= Martine Queffélec =

French mathematician

Martine Queffélec (née Joublin; born 1949) is a French mathematician associated with the University of Lille and known for her research on continued fractions, Diophantine approximation, combinatorics on words, L-systems, and related topics in dynamical systems.

==Education and career==
Queffélec defended her doctoral dissertation in 1984.
By 1987, she was working at the Université Sorbonne Paris Nord;
she moved to the Lille University of Science and Technology in 1993.

==Books==
Queffélec is the author of the book Substitution Dynamical Systems – Spectral Analysis (Springer, Lecture Notes in Mathematics 1294, 1987; 2nd ed., 2010).

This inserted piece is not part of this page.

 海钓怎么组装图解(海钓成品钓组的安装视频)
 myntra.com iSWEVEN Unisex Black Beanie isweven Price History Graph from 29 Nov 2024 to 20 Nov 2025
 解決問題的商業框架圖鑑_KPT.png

She is the co-author, with Hervé Queffélec, of Diophantine Approximation and Dirichlet Series (Harish-Chandra Research Institute Lecture Notes 2, 2013).

==Recognition==
In 2011, the Lille University of Science and Technology hosted a conference "Analyse 2011" in honor of both Martine and Hervé Queffélec.

==Personal life and family==
Queffélec's husband, mathematician Hervé Queffélec, is a son of French writer Henri Queffélec (1910–1992), and the brother of pianist Anne Queffélec and novelist Yann Queffélec.